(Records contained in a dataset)
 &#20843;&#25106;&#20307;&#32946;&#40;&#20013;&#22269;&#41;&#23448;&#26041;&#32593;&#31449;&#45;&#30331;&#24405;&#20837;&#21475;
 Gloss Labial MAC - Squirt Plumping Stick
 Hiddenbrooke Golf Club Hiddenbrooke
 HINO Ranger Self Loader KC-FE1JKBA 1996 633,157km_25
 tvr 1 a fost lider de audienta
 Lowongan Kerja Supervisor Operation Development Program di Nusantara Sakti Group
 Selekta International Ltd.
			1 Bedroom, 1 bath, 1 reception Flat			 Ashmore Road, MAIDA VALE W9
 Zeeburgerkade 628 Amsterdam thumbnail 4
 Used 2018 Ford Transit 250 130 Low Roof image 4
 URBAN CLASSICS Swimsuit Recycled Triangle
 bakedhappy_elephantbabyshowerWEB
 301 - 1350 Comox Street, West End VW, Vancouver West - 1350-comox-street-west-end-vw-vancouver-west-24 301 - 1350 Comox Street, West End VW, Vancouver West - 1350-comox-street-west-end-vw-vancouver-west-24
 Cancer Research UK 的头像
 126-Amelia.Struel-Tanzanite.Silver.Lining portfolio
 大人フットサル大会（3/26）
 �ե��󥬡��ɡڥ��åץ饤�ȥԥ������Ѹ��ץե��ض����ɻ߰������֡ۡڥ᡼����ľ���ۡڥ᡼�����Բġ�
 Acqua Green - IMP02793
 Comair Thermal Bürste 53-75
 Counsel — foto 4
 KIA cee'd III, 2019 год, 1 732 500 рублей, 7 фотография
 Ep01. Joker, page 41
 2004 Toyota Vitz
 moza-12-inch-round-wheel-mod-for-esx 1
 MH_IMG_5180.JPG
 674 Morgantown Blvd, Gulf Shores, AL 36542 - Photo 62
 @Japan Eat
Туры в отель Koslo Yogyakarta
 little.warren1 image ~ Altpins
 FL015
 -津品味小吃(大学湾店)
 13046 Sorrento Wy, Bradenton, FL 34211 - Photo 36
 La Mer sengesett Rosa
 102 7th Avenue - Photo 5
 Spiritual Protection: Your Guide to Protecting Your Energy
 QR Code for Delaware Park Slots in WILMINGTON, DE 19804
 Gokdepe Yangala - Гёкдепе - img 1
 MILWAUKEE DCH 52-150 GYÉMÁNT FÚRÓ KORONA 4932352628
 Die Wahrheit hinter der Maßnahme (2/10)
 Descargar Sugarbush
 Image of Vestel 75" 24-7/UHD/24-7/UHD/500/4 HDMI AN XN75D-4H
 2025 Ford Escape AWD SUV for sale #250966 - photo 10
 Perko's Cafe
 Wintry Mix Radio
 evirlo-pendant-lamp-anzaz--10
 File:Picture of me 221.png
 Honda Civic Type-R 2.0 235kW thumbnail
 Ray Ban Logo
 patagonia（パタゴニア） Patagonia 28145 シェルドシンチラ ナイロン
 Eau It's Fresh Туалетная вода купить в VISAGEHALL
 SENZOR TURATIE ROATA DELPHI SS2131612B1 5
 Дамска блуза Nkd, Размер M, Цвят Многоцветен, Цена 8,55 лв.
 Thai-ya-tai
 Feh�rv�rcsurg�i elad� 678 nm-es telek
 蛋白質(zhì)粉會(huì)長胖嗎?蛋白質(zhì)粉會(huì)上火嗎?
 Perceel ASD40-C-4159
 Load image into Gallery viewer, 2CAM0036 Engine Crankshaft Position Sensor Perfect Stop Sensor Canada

» Goal of the exercise
Produce an exact copy of the lines from the one containing "102 7th Avenue - Photo 5" through the final line of the data, both ends included, and only those.

» Completed exercise
 102 7th Avenue - Photo 5
 Spiritual Protection: Your Guide to Protecting Your Energy
 QR Code for Delaware Park Slots in WILMINGTON, DE 19804
 Gokdepe Yangala - Гёкдепе - img 1
 MILWAUKEE DCH 52-150 GYÉMÁNT FÚRÓ KORONA 4932352628
 Die Wahrheit hinter der Maßnahme (2/10)
 Descargar Sugarbush
 Image of Vestel 75" 24-7/UHD/24-7/UHD/500/4 HDMI AN XN75D-4H
 2025 Ford Escape AWD SUV for sale #250966 - photo 10
 Perko's Cafe
 Wintry Mix Radio
 evirlo-pendant-lamp-anzaz--10
 File:Picture of me 221.png
 Honda Civic Type-R 2.0 235kW thumbnail
 Ray Ban Logo
 patagonia（パタゴニア） Patagonia 28145 シェルドシンチラ ナイロン
 Eau It's Fresh Туалетная вода купить в VISAGEHALL
 SENZOR TURATIE ROATA DELPHI SS2131612B1 5
 Дамска блуза Nkd, Размер M, Цвят Многоцветен, Цена 8,55 лв.
 Thai-ya-tai
 Feh�rv�rcsurg�i elad� 678 nm-es telek
 蛋白質(zhì)粉會(huì)長胖嗎?蛋白質(zhì)粉會(huì)上火嗎?
 Perceel ASD40-C-4159
 Load image into Gallery viewer, 2CAM0036 Engine Crankshaft Position Sensor Perfect Stop Sensor Canada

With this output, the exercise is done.